* _Exercise aim_
If a record below holds a picture, leave the picture out and copy the rest exactly.
[Start of section]
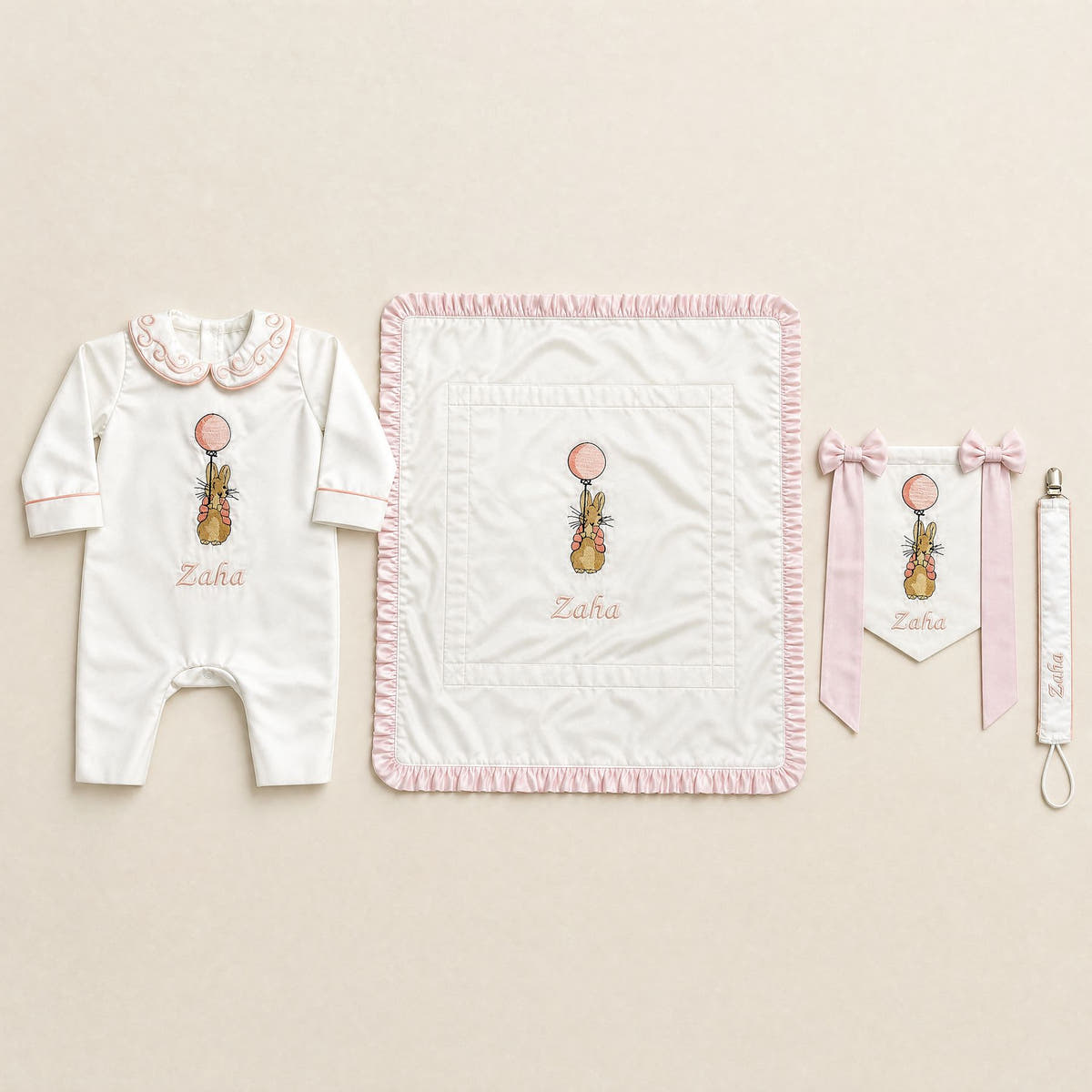 Welcome to the World white and pink gift bundle laid out flat — personalised ivory silk romper, wrapping sheet, name flag and pacifier holder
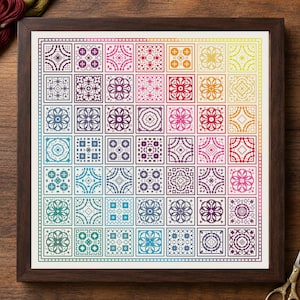 May include: A square cross-stitch embroidery piece framed in dark wood, featuring a grid of forty-nine individual geometric patterns arranged in a rainbow color gradient, transitioning from purple and blue to green, yellow, orange, and pink.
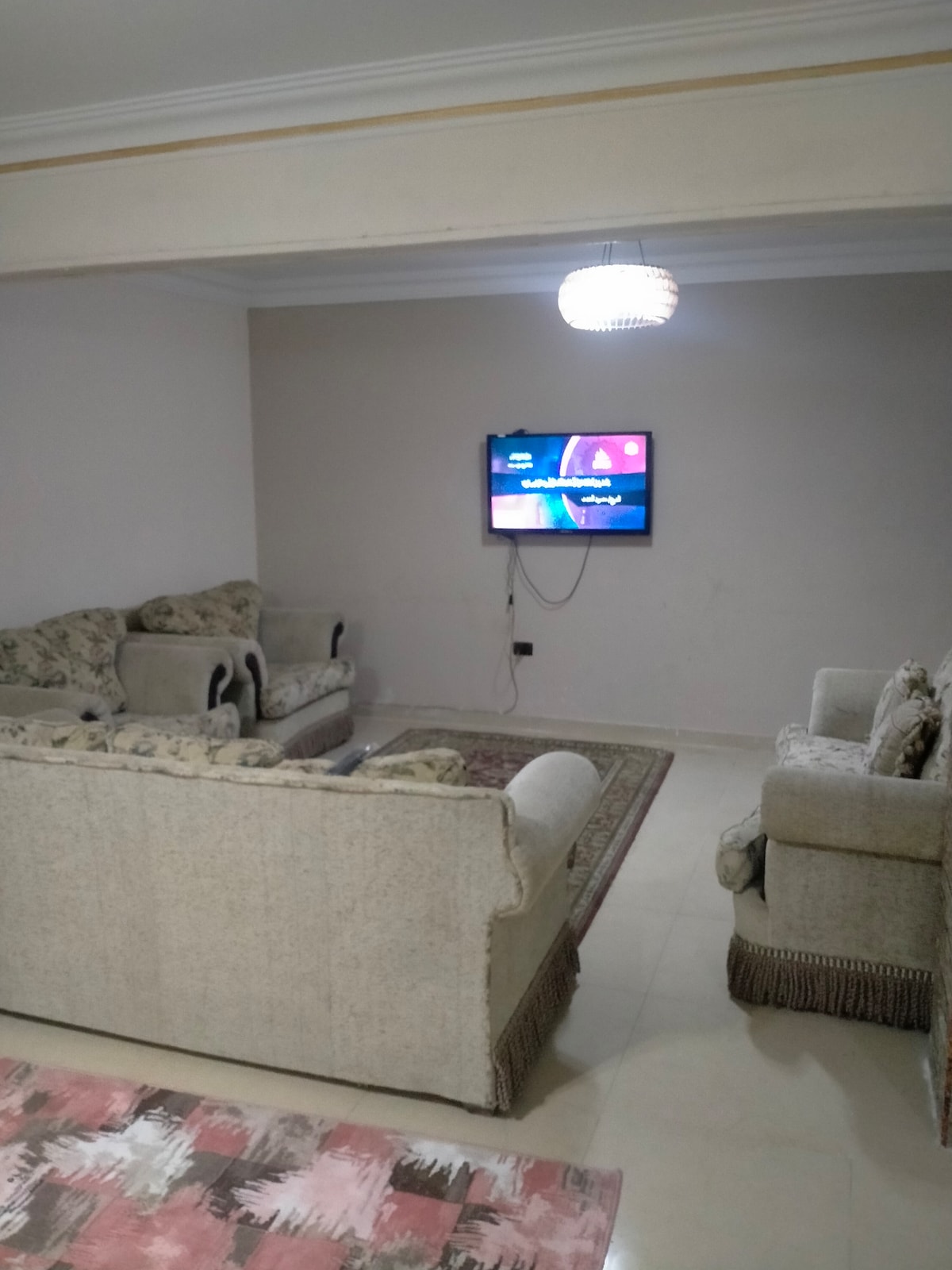 A comfortable living area features light-colored sofas arranged around a central area rug. A wall-mounted television is positioned in front of the seating, while a decorative light fixture hangs from the ceiling, illuminating the space.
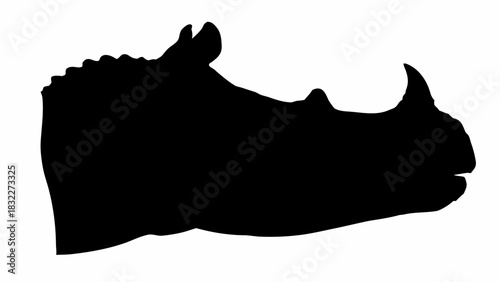 Silhouette of a rhinoceros head showing its horn and ear in a side profile against white backdrop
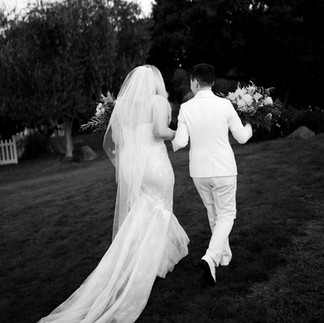 A black and white photo of a newlywed couple walking away on a grassy lawn.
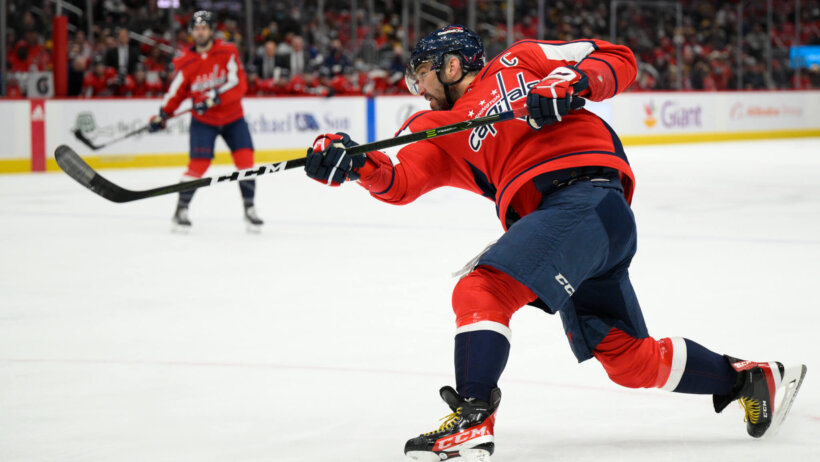 Alexander Ovechkin following through on a shot during an NHL hockey game.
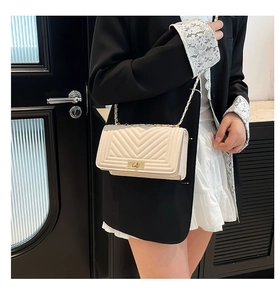Gros plan sur un sac bandoulière crème avec surpiqûres en V et fermoir doré chic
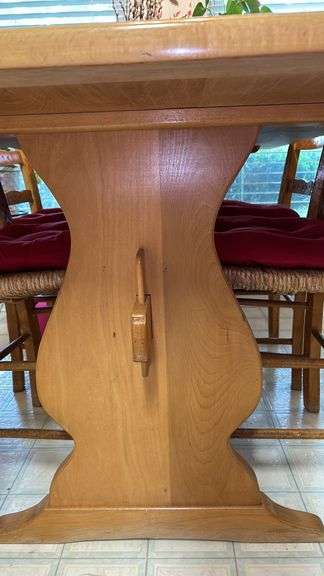 Exquisite custom built table and chairs……custom built in 1972 in Nicosia, Cyprus from oak(?). There are no nails except on the chairs to hold the rush seating in place. Chairs are hand carved…..one small blemish on table top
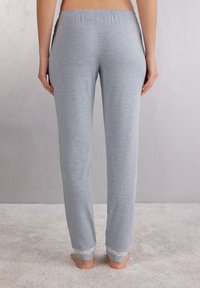 Lichtgrijze pyjamabroek met een elastische tailleband en delicate kantafwerking bij de enkels. Zacht materiaal met een gladde textuur.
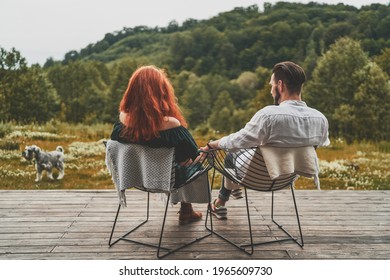 Back View Of Young Couple Sitting With The Dog In Front Of Their Beautiful Wooden Country House. Elegant Couple Sitting On Chairs Holding Hands And Enjoying Beautiful Mountain View. Stay Home Concept 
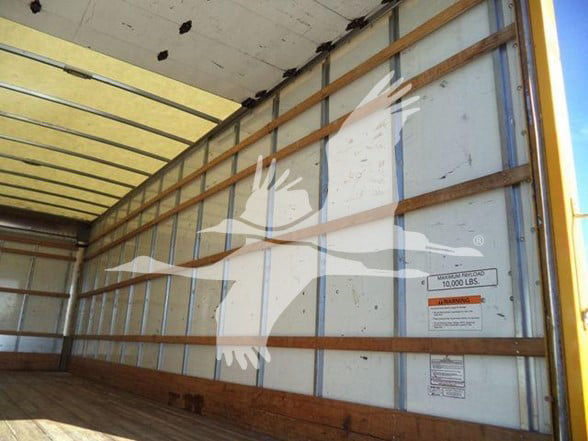 Box truck interior showing sidewall with large white graphic dolphin or abstract design; metal ribs and wooden floor; warning label and capacity placard visible.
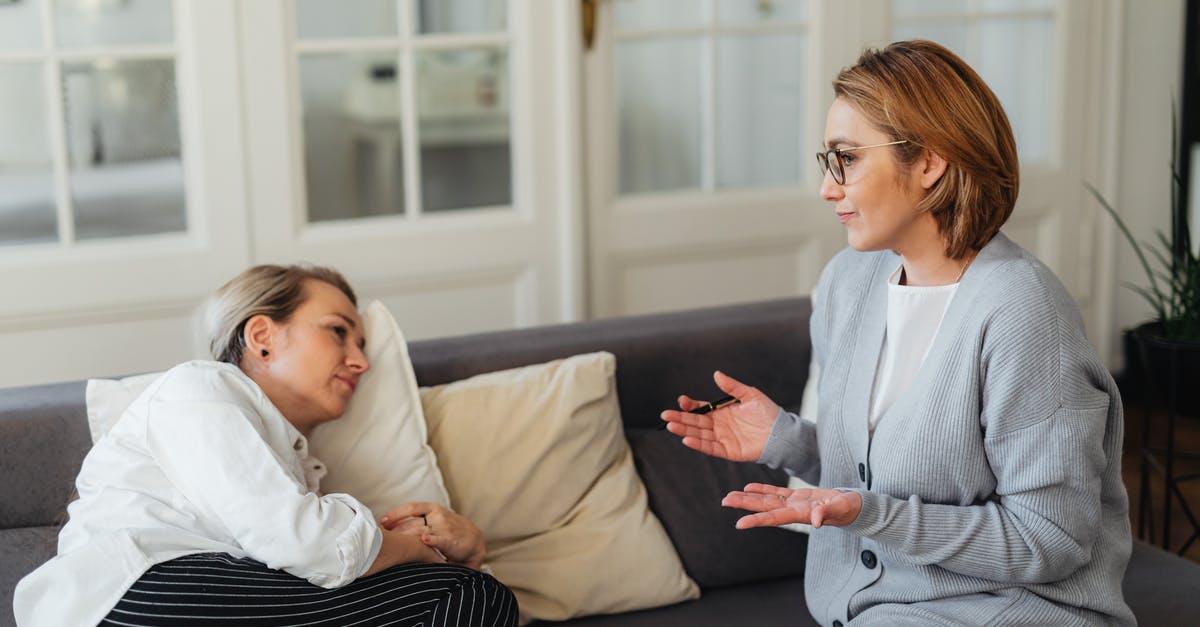 Am I penalized for support characters dying? - Women Sitting on a Couch and Talking 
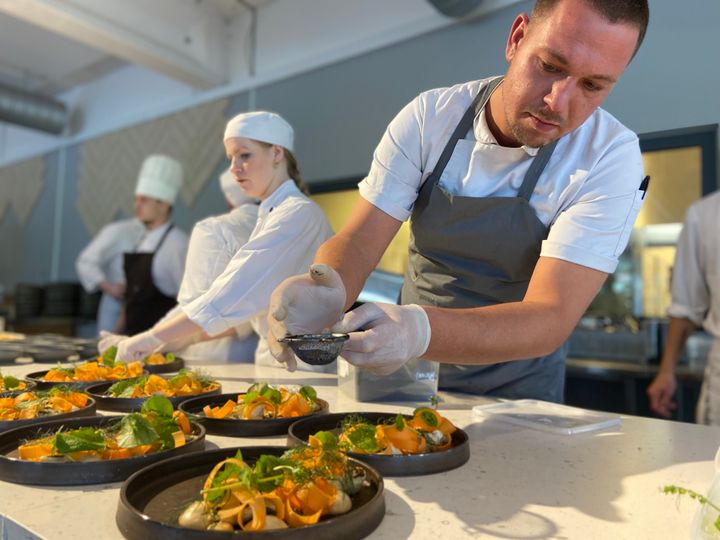 En kok anretter mad på en tallerken i et køkken, mens andre kokke arbejder omkring ham.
[End of section]
* _Response to the task_
 Welcome to the World white and pink gift bundle laid out flat — personalised ivory silk romper, wrapping sheet, name flag and pacifier holder
 May include: A square cross-stitch embroidery piece framed in dark wood, featuring a grid of forty-nine individual geometric patterns arranged in a rainbow color gradient, transitioning from purple and blue to green, yellow, orange, and pink.
 A comfortable living area features light-colored sofas arranged around a central area rug. A wall-mounted television is positioned in front of the seating, while a decorative light fixture hangs from the ceiling, illuminating the space.
 Silhouette of a rhinoceros head showing its horn and ear in a side profile against white backdrop
 A black and white photo of a newlywed couple walking away on a grassy lawn.
 Alexander Ovechkin following through on a shot during an NHL hockey game.
Gros plan sur un sac bandoulière crème avec surpiqûres en V et fermoir doré chic
 Exquisite custom built table and chairs……custom built in 1972 in Nicosia, Cyprus from oak(?). There are no nails except on the chairs to hold the rush seating in place. Chairs are hand carved…..one small blemish on table top
 Lichtgrijze pyjamabroek met een elastische tailleband en delicate kantafwerking bij de enkels. Zacht materiaal met een gladde textuur.
 Back View Of Young Couple Sitting With The Dog In Front Of Their Beautiful Wooden Country House. Elegant Couple Sitting On Chairs Holding Hands And Enjoying Beautiful Mountain View. Stay Home Concept 
 Box truck interior showing sidewall with large white graphic dolphin or abstract design; metal ribs and wooden floor; warning label and capacity placard visible.
 Am I penalized for support characters dying? - Women Sitting on a Couch and Talking 
 En kok anretter mad på en tallerken i et køkken, mens andre kokke arbejder omkring ham.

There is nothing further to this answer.